◆ **Problem**: Every record below must come back exactly as written, with the images dropped.

►

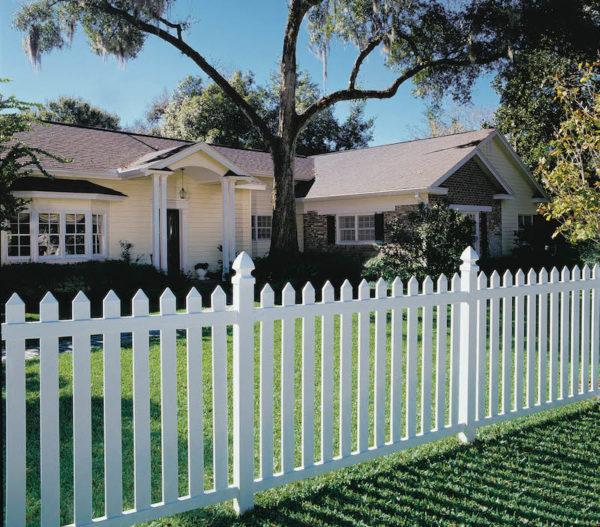 Get Vinyl Fence Systems in St Louis, MO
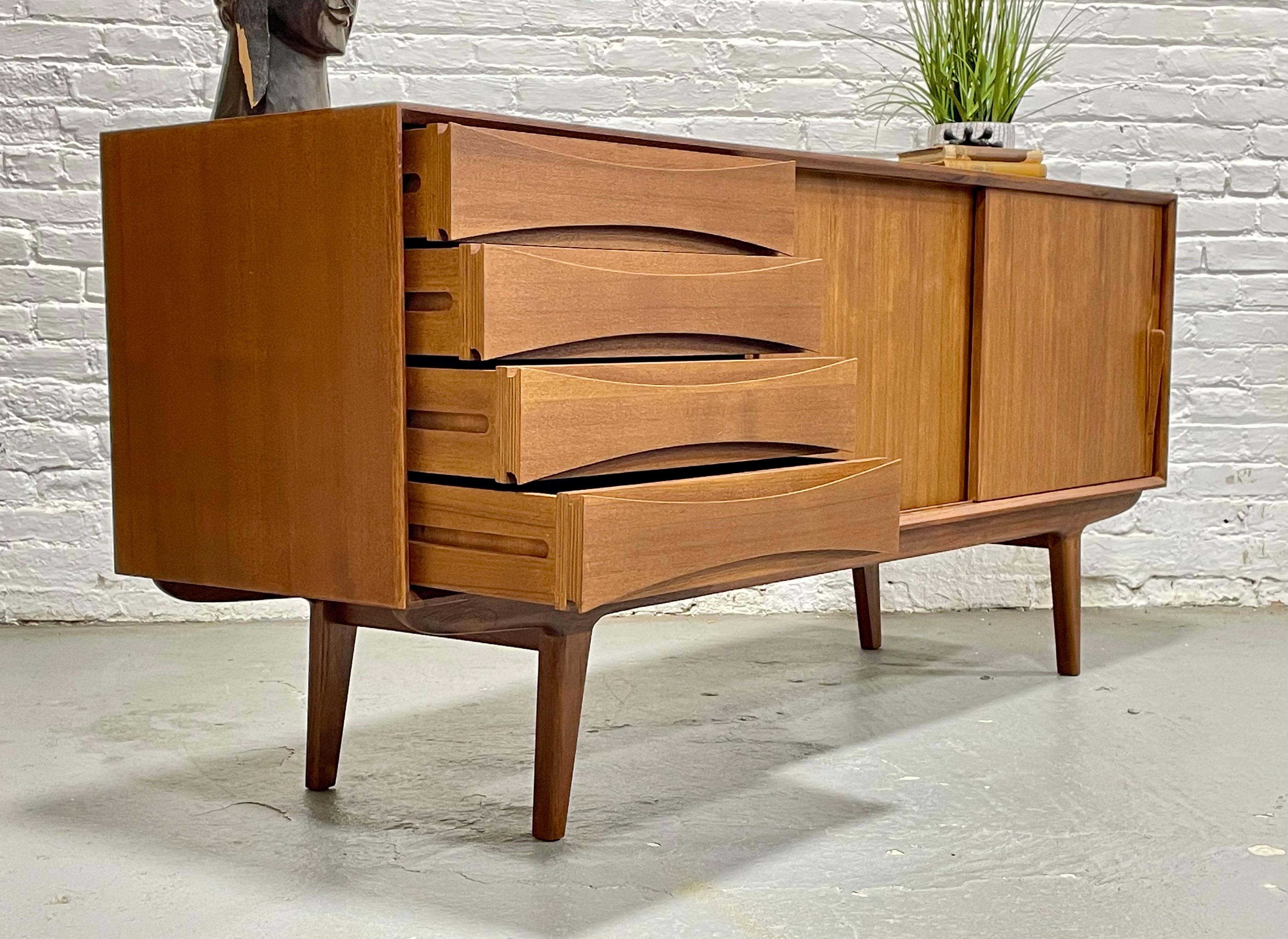 LONG + Handsome Mid Century Modern styled Teak CREDENZA / Sideboard For Sale 5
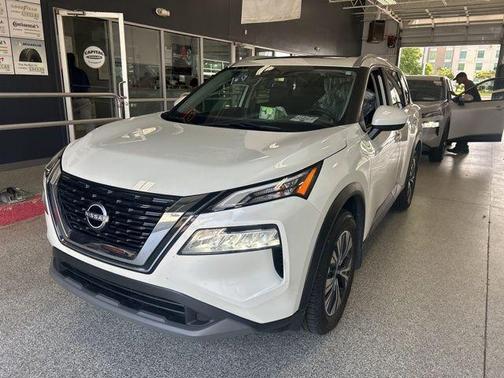 Pearl White Tricoat 2023 Nissan Rogue SV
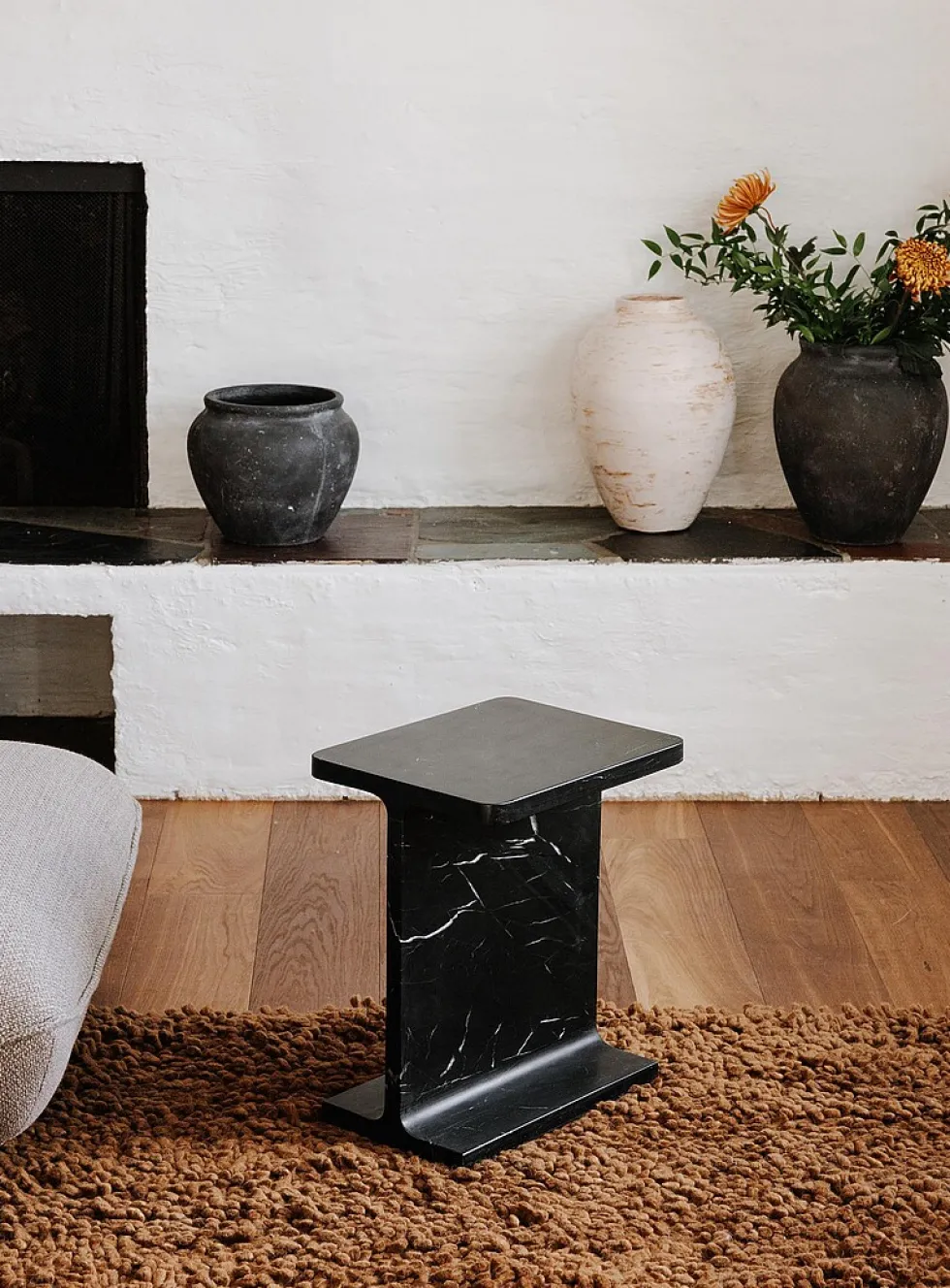 Black marble Tullia accent table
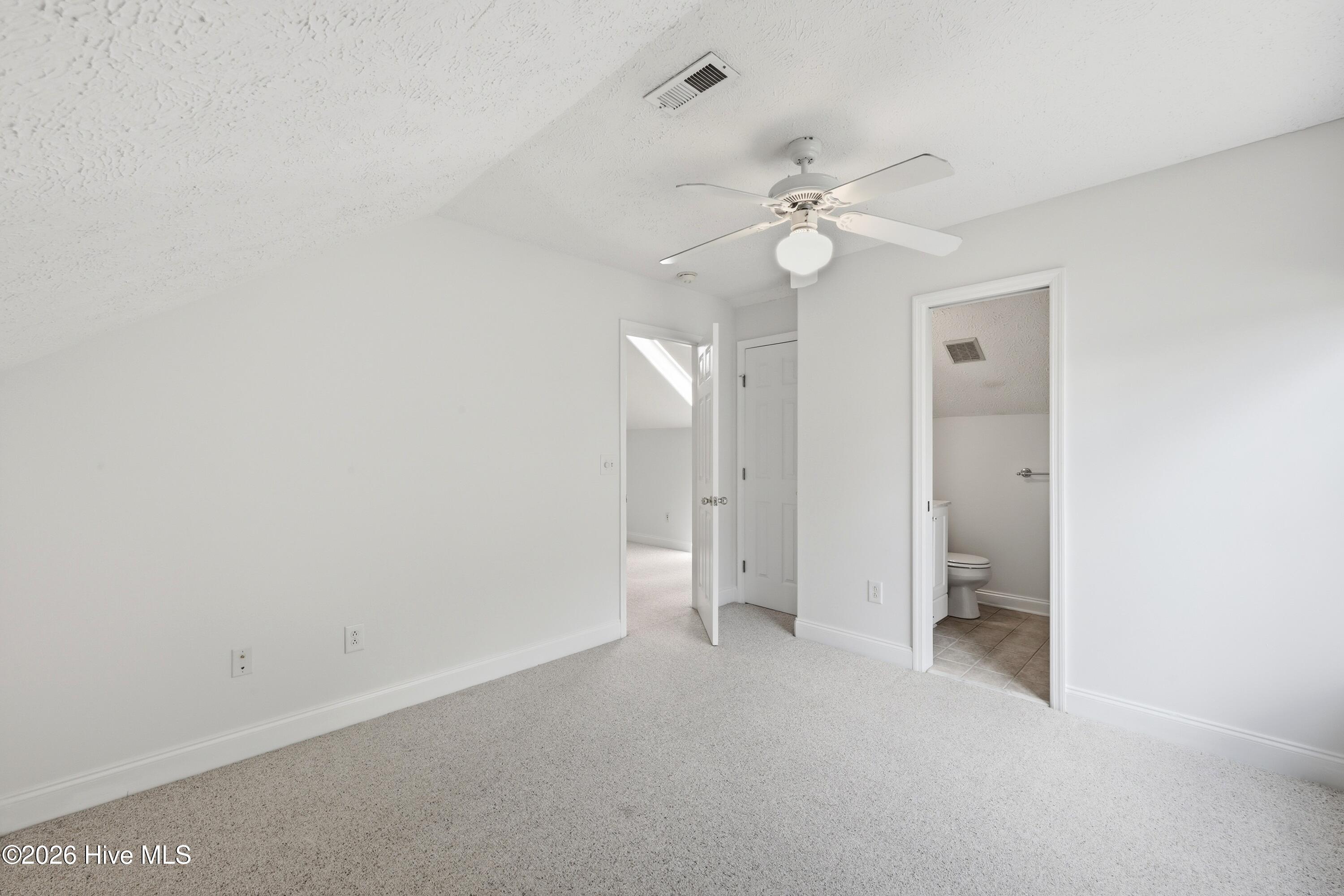 320 Neuchatel Road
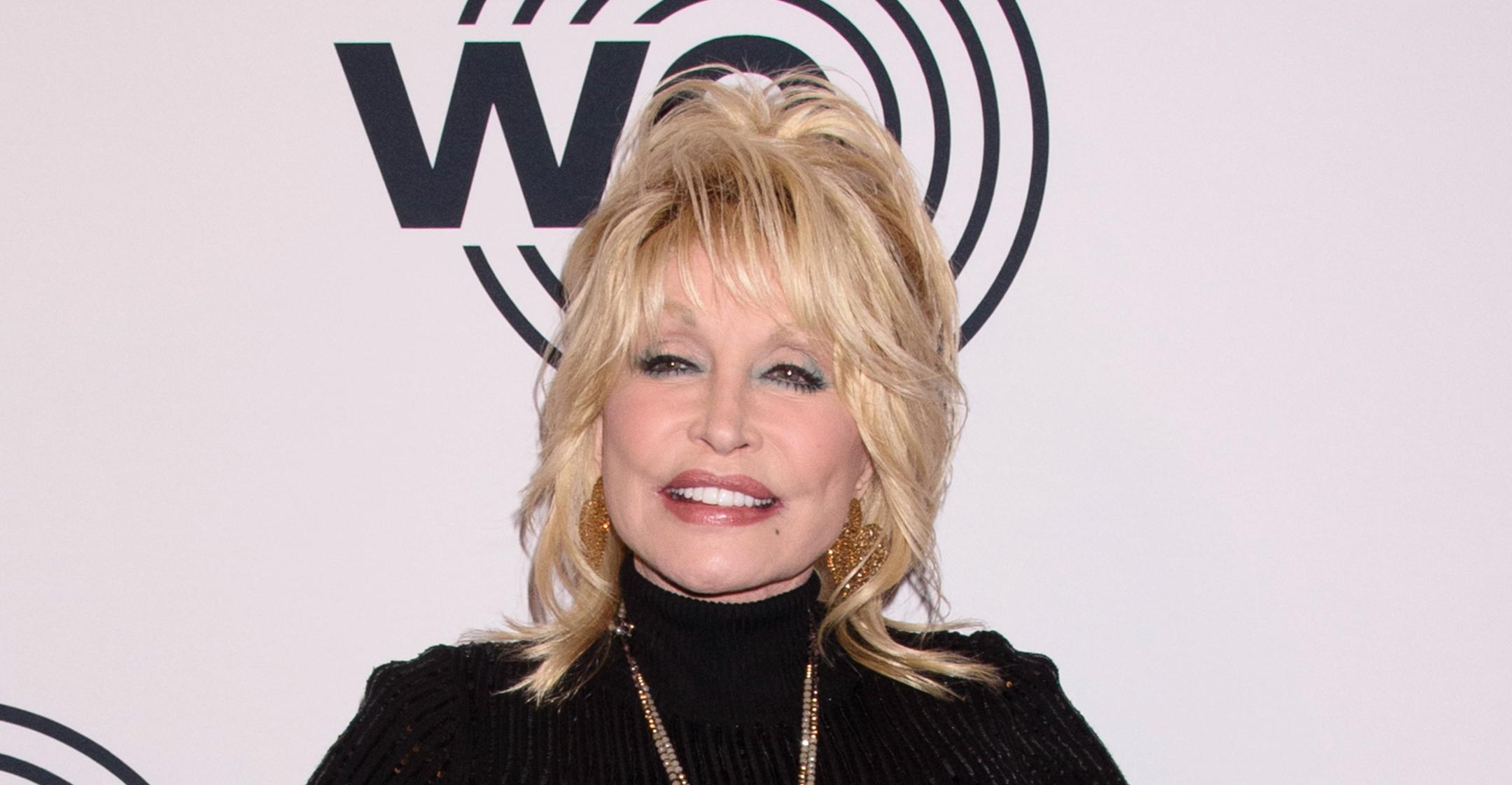 dolly parton breaks three guinness world records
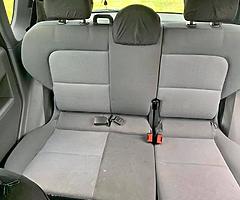 Car - Image 8/10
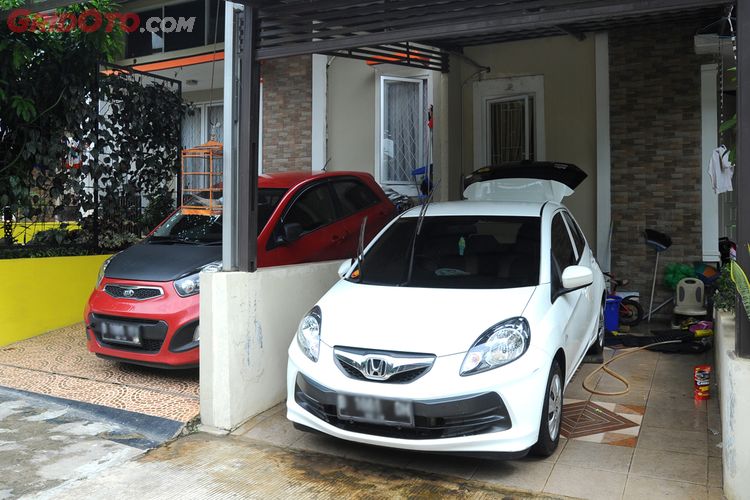Modal Rp 15 Ribuan Bisa Bikin Lantai Garasi Bebas Dari Noda Oli
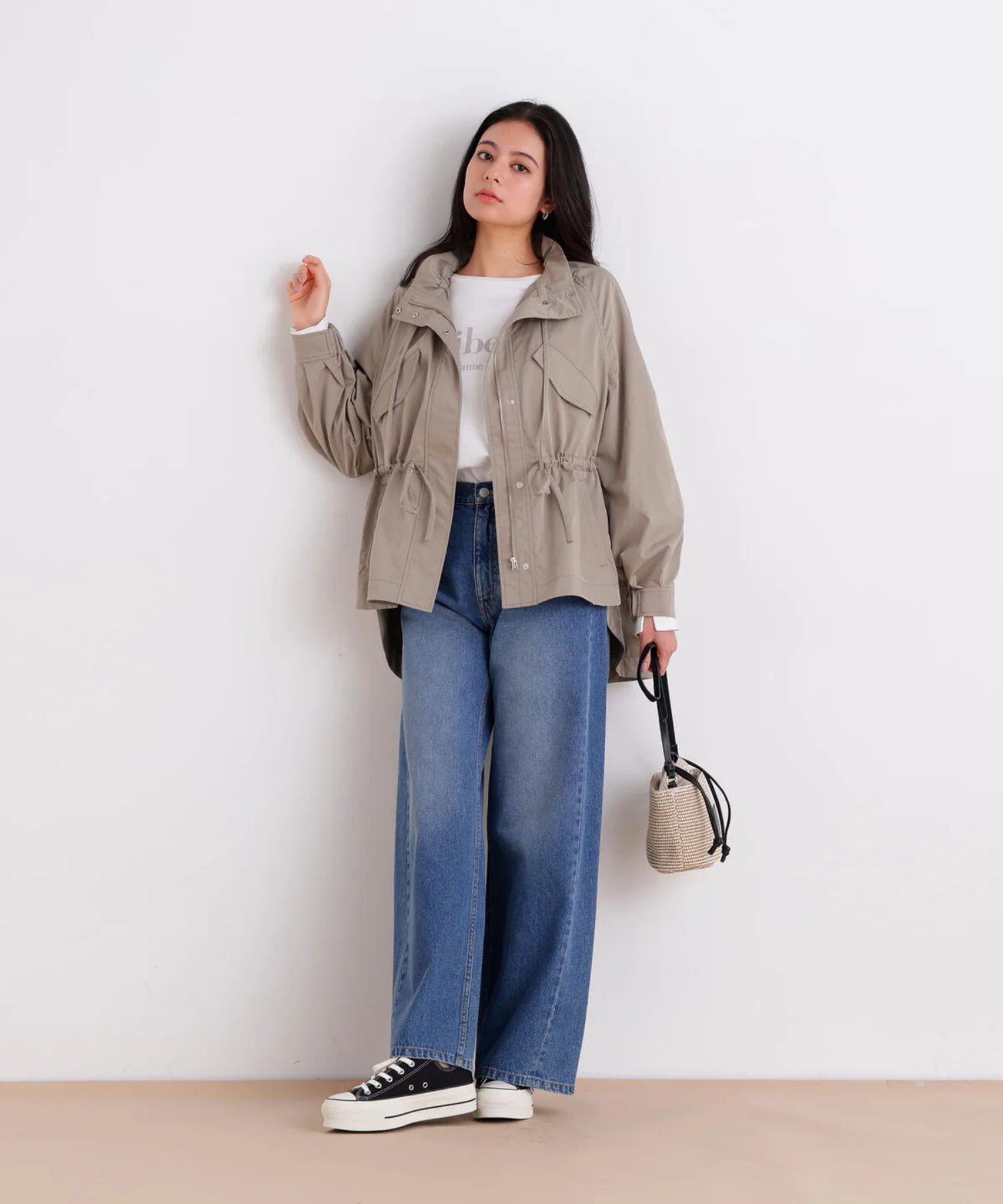 ストレッチツイルマウンテンパーカー(カーキ)ポリエステル / ストレッチあり / 裏無し / 両脇ベンツあき / 前ファスナー開き+ドットボタン / 0316155217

◄

◆ **Task output**:
 Get Vinyl Fence Systems in St Louis, MO
 LONG + Handsome Mid Century Modern styled Teak CREDENZA / Sideboard For Sale 5
 Pearl White Tricoat 2023 Nissan Rogue SV
 Black marble Tullia accent table
 320 Neuchatel Road
 dolly parton breaks three guinness world records
 Car - Image 8/10
Modal Rp 15 Ribuan Bisa Bikin Lantai Garasi Bebas Dari Noda Oli
 ストレッチツイルマウンテンパーカー(カーキ)ポリエステル / ストレッチあり / 裏無し / 両脇ベンツあき / 前ファスナー開き+ドットボタン / 0316155217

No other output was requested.